Issue 18: Mary Noonan

Apollonian


So here you are, in Palma de Mallorca, in Bunker’s,

the cool bistrot named for the god-like surfer

who bailed in Malibu at the age of twenty-eight,

couldn’t ride the wave of his father’s sugar millions.


But all of that is very far from both of you, sitting

opposite your teenagers – a girl and a boy,

olive-skinned, strong-boned. Are you on holiday?

You stare, wide-eyed, and smile while they


do all the talking, their dark brows moving

in waves of knowledge and humour. Delicate

and tough, they look made for the new world –

already, they know more than you, though


they don’t know what a tightrope act it was

to deliver them and their mother-of-pearl spines –

once fragile as spun sugar, or linnets’ throats –

to this table. And they don’t know if they in turn


will have to hoist your old bones on their backs

and hike across a mountain pass to safety, or

how far they will have to travel on without you.

What’s it like to be looking into the radiant disks


of these Apollonian faces, reflecting you and

your parents and glimmers of the ancestors

who survived, the man who had to let go

of a small boy’s hand, watch him slip into the deep


as he tried to swim against the eddying vortex,

or the woman who, starving, followed a procession

of ants and raided their store of grain in order to

feed her family?
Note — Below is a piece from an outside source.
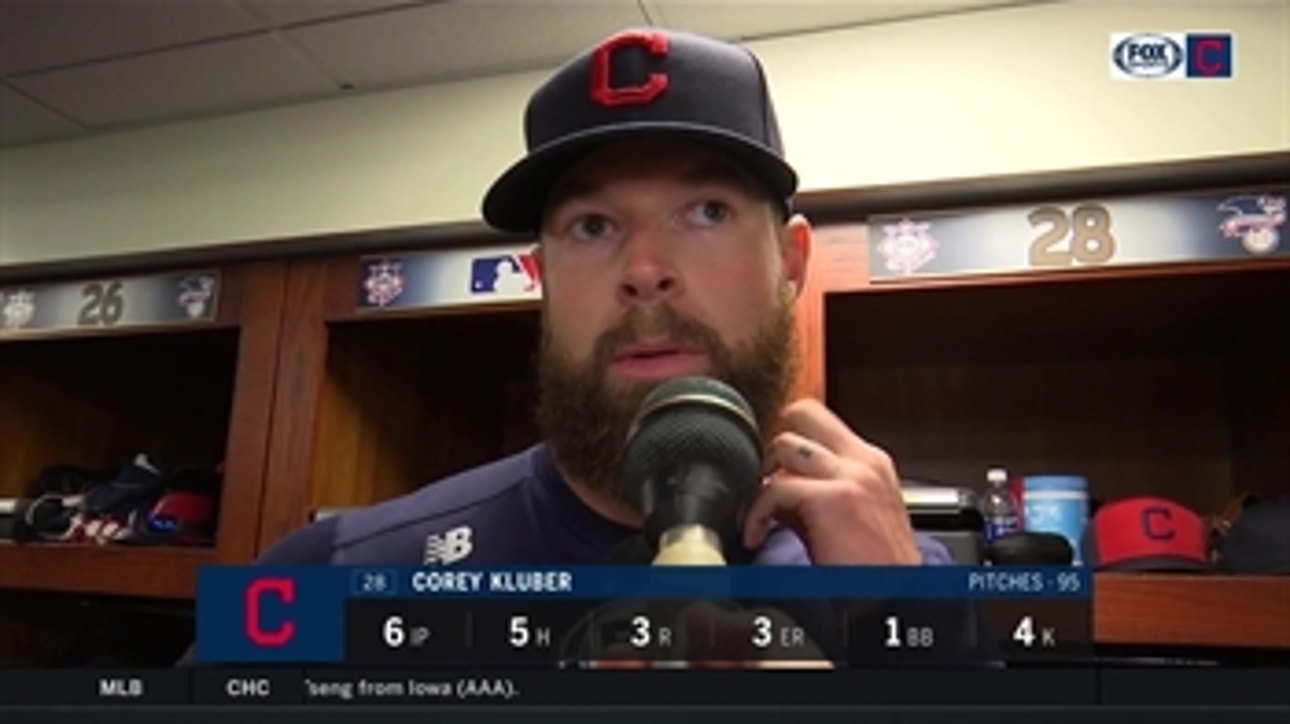 Corey Kluber struggled early but credits video for finding flaw and correcting it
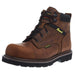 Men`s Waterproof Crazy Horse Comp Toe 6In Lace Up Work Boot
All of that, pressing for a hearing


beneath the silken skin of these, your flawless children.


Letter to Cal

From the correspondence of Elizabeth Bishop

Well, I suppose no-one’s heart is good

for much till it’s been smashed to bits.

But no more doctors, I’m going to get

my repair work done at the doll hospital

from now on. I’m exhausted all over, but

particularly the face, which must come from


wearing a horrible fixed grin for so long.

I’ve put some Arden lotion in the ice-box

and am looking forward to lying down and

putting a nice cold washcloth full of it on

my poor hypocritical features. I wish

you’d come. We could go bone-fishing.


They’re the greatest fish there is – very small.

You have to pole through the mangrove keys

silently. And in June, there’s tarpon –

that’s moonlight night-fishing. Ravishing

but hard to catch. The Polish girl and a boy

from the hotel are teaching me pool,


such a useful thing to know. And Sunday

I’m going to the cockfights. But I do wish

someone would ask me to go to the races –

I’m dying to. Thank you so much for the

“Glass Eye and Supplies”. Only you know

how fond I am of glass eyes.


I used to have relatives with glass eyes when

I was small, and for some reason I worried

because I thought they wouldn’t go to Heaven.

I don’t think I was ever fully reassured.

When you write my epitaph, you must say

I was the loneliest person who ever lived.


Still Life with Pigeons


I


The nude statues on rue du Faubourg St Denis – she holding a full-blown globe, he a crescent moon – had a ball of blood-smeared feathers at their feet when I snapped them with my iphone. And a couple of feral pigeons lay on their backs behind a plate-glass shop-front on rue de Belleville as I walked by, bird sinew mixed with the dust of cinder-blocks, toppled pillars. How did they  come to be inside for the swing of the wrecking-ball, the thump of the sledgehammer, doomed to lie framed, side-by-side, under plaster-of–Paris snow?


II


Pigeons are dying in this city. My apartment looks onto a gable-end that does not show French windows with pelmets of wrought-iron fleur-de-lys. Instead, biscuit-cutter apertures puncture concrete, like judas spy-holes. I watch the pigeons fidget on the ledges, the building become columbarium, with nest-holes for the breeding and fattening of squabs. But this is no rubblestone dovecote, hub of hectic production for the tables of abbots and barons. The block is more reliquarium, mausoleum for the housing of ashes.


III


The bird deaths are getting to me. Last night you flambeed chicken breasts in cognac, added red wine, silky shallots and button mushrooms. We stripped the coq au vin of its chocolate-brown robes, and later your lips moved over my limbs, prolonging the fleshy feast. But I’m not a collared – or a turtle – dove! Not a chicken, in the spring of its short life, nor a lone swallow flying back to Capestrano! I’m too young to have my small neck ruffed by a pigeonhole or my bones picked clean; too young to be pulverised for the cinerary jars of the columbarium; too young to lie frozen beside my mate, behind glass

Mary Noonan's first collection, The Fado House  (Dedalus Press, 2012), was shortlisted for the Seamus Heaney Centre Prize and the Strong/Shine Award. She was awarded an Arts Council of Ireland Literature Bursary in 2014. Father, a limited edition pamphlet, was published by Bonnefant Press in 2015. She is the current poetry editor of Southword Journal.